EXERCISE REQUIREMENTS: Set down again each entry exactly as it reads, pictures excluded.

EXTRACTED INFORMATION:
------------------------------

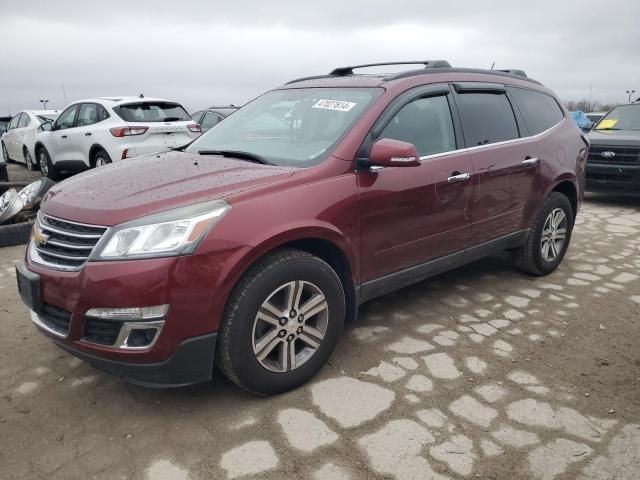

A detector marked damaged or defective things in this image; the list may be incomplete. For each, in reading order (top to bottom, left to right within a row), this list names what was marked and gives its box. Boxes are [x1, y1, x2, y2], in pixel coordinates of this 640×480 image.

cracked pavement [0, 195, 636, 480]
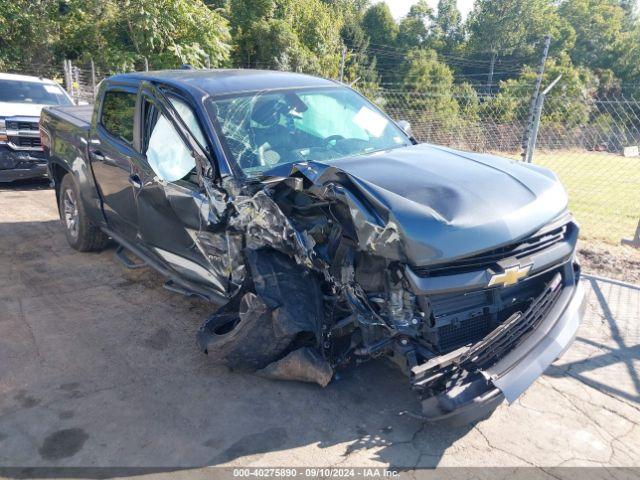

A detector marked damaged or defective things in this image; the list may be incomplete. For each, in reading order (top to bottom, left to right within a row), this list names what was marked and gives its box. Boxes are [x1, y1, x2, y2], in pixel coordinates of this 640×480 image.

cracked windshield [210, 87, 410, 175]
damaged chevrolet colorado [42, 69, 588, 422]
crumpled front end [192, 157, 584, 420]
crushed hood [268, 144, 568, 266]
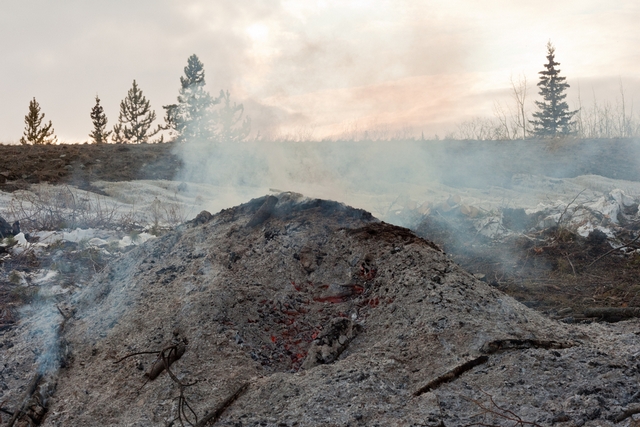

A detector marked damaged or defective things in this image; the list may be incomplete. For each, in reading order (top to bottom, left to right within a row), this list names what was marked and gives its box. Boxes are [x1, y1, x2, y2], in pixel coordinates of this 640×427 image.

charred debris [1, 195, 640, 427]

------------------------------

COMPLETED TASK:
A detector marked damaged or defective things in this image; the list may be incomplete. For each, in reading order (top to bottom, left to right within a row), this list names what was marked and gives its box. Boxes are [x1, y1, x2, y2], in pixel coordinates of this 640×480 image.

cracked pavement [0, 195, 636, 480]

A detector marked damaged or defective things in this image; the list may be incomplete. For each, in reading order (top to bottom, left to right within a row), this list names what was marked and gives its box. Boxes are [x1, y1, x2, y2], in pixel coordinates of this 640×480 image.

cracked windshield [210, 87, 410, 175]
damaged chevrolet colorado [42, 69, 588, 422]
crumpled front end [192, 157, 584, 420]
crushed hood [268, 144, 568, 266]

A detector marked damaged or defective things in this image; the list may be incomplete. For each, in reading order (top to bottom, left to right within a row), this list names what was marked and gives its box. Boxes are [x1, y1, x2, y2], in pixel coordinates of this 640×427 image.

charred debris [1, 195, 640, 427]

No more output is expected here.